今朝も小雨が降る天母。ルーフ付きの2階席を取っていたが意味がない。日除けの機能だけで雨対策はしていない球場。雨が増えている近年では対策が必要となる。昨日コンビニで買ったレインコートを着て傘を差しても横殴りの雨にやられる。侍ジャパンの試合ではもっとコンディションが悪くなりそうだ。

天母では特設ステージの応援はなし。

それでも音楽を鳴らし旗をふる。素晴らしい迫力。

球場メシはスプライト&キムチ餃子(1000円)。最終日だからか、ホットドッグもビーフバーガーも韓国スープも売り切れ。ボロネーゼはあったが注文しなかった。期待してなかったが、やさしいスープとキムチのパンチが合わさり、クッパみたいで美味しい。

最終戦はDH出場のトラヴィス・バザーナ。3打数ノーヒット。最終回、あとひとり出れば打席が回った。将来のオーストラリア代表を背負って立つのは間違いない逸材。2年後のWBCで怪物に飛躍した姿を愉しみにしている。

ドミニカ戦で負傷交代したキム・ドヨンは3番DHでスタメン。消化試合だが国の代表として戦う。去年のアジアCSでの骨折してのヘッドスライディングでファンになったが、今後も韓国を背負うスター。先制のタイムリーツーベースを放つ。

初戦の台湾戦で炎上してしまったコ・ヨンピョが先発。この日は3イニングを投げて無失点。本来のピッチングを見せる。開幕投手のスタートがチームの運命を左右してしまう。

オーストラリアの先発アサートンも2回を0点。35歳。これが最後の国際大会か。

オーストラリアは4回までに5つ以上の守備ミスで3失点。
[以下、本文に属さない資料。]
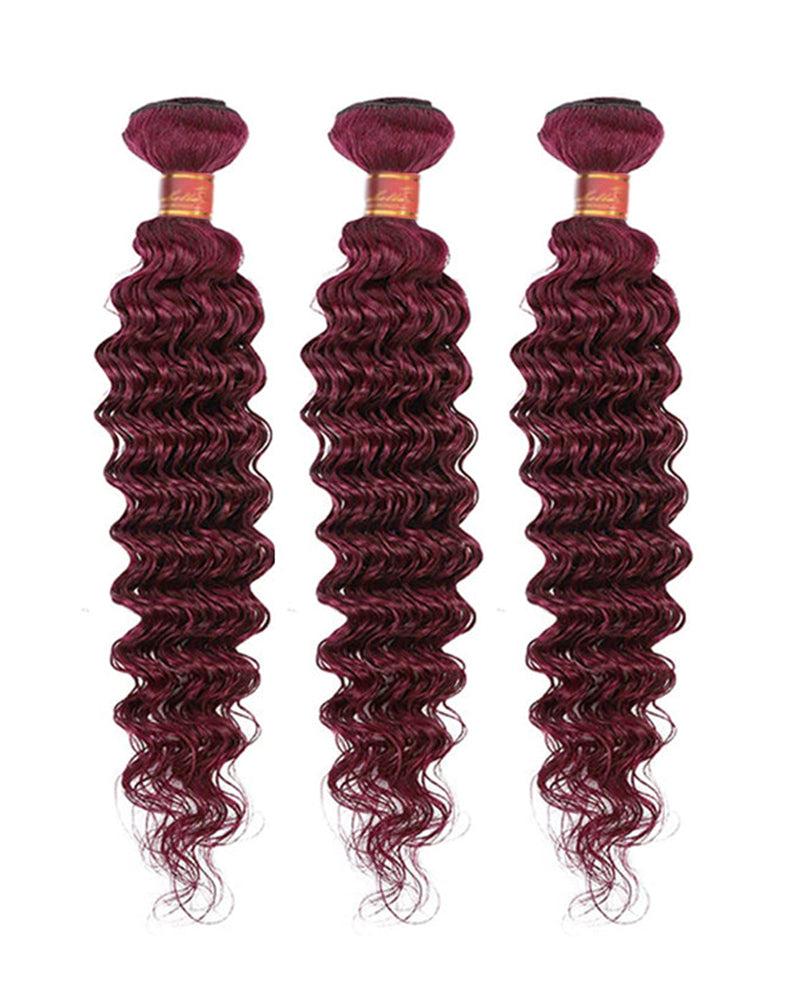 {12A 3Pcs} Burgundy 99J Red Color Deep Wave Curly 3 Bundles/Pack Human Virgin Hair Extensions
雨や風の影響があるとはいえ韓国はファインプレー連発。デーブ・ニルソン監督は守備を最も大事にする監督といわれるが、マッチョマンの体格に野球というスポーツは難しいのか。2年後のWBCまでには改善したい課題。

キム・ドヨンはオーストラリアを突き放すツーラン。ここまで内角打ちが上手いのは坂本勇人以来。3安打の猛打賞4打点の大暴れ。あまりに素晴らしく、あまりに凄まじい21歳。この年齢では世界一の野球選手ではないか。大谷翔平が日本人で世界一の野球選手になったように、韓国人として世界ナンバーワンのプレーヤーになれる逸材。

キム・ソヒョンは8回にセットアッパーとして登場。プレミア12で4試合に投げ防御率0.00。末恐ろしい20歳。将来はNPBを希望しているが、MLBが放っておかないだろう。


この日も雨の中、特設ステージで両国をチアが盛り上げてくれた。麗しの国・台湾。スーパーラウンドを開催する日本も見習いたい。日本の初戦、2戦目の相手は雨のなか、プレミア12の舞台から姿を消し、母国へ帰っていった。前回大会と同じく上位6チームがスーパーラウンドに進出できるルールであれば韓国も残った。もう一度、キム・ドヨンの躍動を、侍ジャパンとの対戦を観たかった。プレミア12は大きな希望とそれ以上の失意を残して歩みを進める。